DATASET ENTRIES Start Marker

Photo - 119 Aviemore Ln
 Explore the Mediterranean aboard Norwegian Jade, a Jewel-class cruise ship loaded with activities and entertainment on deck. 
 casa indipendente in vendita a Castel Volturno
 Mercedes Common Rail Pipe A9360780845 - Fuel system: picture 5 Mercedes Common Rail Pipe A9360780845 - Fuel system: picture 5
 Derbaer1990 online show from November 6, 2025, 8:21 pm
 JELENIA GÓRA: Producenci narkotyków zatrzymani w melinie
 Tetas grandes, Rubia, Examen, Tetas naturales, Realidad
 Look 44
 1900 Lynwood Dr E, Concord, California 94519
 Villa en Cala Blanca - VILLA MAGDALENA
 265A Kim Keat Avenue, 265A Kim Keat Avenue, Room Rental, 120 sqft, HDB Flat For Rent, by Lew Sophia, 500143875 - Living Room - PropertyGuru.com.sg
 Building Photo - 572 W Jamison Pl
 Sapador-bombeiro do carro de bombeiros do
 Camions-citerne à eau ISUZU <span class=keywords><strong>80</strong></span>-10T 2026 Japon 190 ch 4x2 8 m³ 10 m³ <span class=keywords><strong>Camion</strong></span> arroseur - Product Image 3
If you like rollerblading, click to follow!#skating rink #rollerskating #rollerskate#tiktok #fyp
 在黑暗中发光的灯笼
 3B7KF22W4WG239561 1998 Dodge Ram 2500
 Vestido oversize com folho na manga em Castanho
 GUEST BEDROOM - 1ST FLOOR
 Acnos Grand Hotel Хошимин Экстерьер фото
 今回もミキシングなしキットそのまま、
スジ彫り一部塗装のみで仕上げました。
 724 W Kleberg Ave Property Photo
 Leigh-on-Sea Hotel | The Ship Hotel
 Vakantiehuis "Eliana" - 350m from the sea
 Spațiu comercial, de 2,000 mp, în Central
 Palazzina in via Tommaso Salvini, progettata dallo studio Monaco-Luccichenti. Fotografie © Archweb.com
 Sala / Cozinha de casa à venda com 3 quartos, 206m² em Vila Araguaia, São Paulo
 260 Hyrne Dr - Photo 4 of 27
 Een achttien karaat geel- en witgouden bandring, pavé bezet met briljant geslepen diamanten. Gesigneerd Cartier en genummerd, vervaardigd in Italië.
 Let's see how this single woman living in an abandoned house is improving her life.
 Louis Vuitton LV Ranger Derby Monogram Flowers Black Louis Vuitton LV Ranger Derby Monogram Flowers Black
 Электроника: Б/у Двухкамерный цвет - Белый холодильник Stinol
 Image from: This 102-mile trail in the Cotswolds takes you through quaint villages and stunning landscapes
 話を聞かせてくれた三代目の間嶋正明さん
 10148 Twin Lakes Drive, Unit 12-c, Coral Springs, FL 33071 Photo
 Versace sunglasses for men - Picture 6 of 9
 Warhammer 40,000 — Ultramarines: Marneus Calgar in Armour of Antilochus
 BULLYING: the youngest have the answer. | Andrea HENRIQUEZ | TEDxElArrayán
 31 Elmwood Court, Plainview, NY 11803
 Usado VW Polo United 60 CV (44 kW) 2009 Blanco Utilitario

DATASET ENTRIES End Marker

#### WORK REQUIRED:
Extract exactly and only the lines above from the line containing "Sala / Cozinha" through the line containing "Warhammer 40,000 —", both end lines included.

#### TASK RESULT:
 Sala / Cozinha de casa à venda com 3 quartos, 206m² em Vila Araguaia, São Paulo
 260 Hyrne Dr - Photo 4 of 27
 Een achttien karaat geel- en witgouden bandring, pavé bezet met briljant geslepen diamanten. Gesigneerd Cartier en genummerd, vervaardigd in Italië.
 Let's see how this single woman living in an abandoned house is improving her life.
 Louis Vuitton LV Ranger Derby Monogram Flowers Black Louis Vuitton LV Ranger Derby Monogram Flowers Black
 Электроника: Б/у Двухкамерный цвет - Белый холодильник Stinol
 Image from: This 102-mile trail in the Cotswolds takes you through quaint villages and stunning landscapes
 話を聞かせてくれた三代目の間嶋正明さん
 10148 Twin Lakes Drive, Unit 12-c, Coral Springs, FL 33071 Photo
 Versace sunglasses for men - Picture 6 of 9
 Warhammer 40,000 — Ultramarines: Marneus Calgar in Armour of Antilochus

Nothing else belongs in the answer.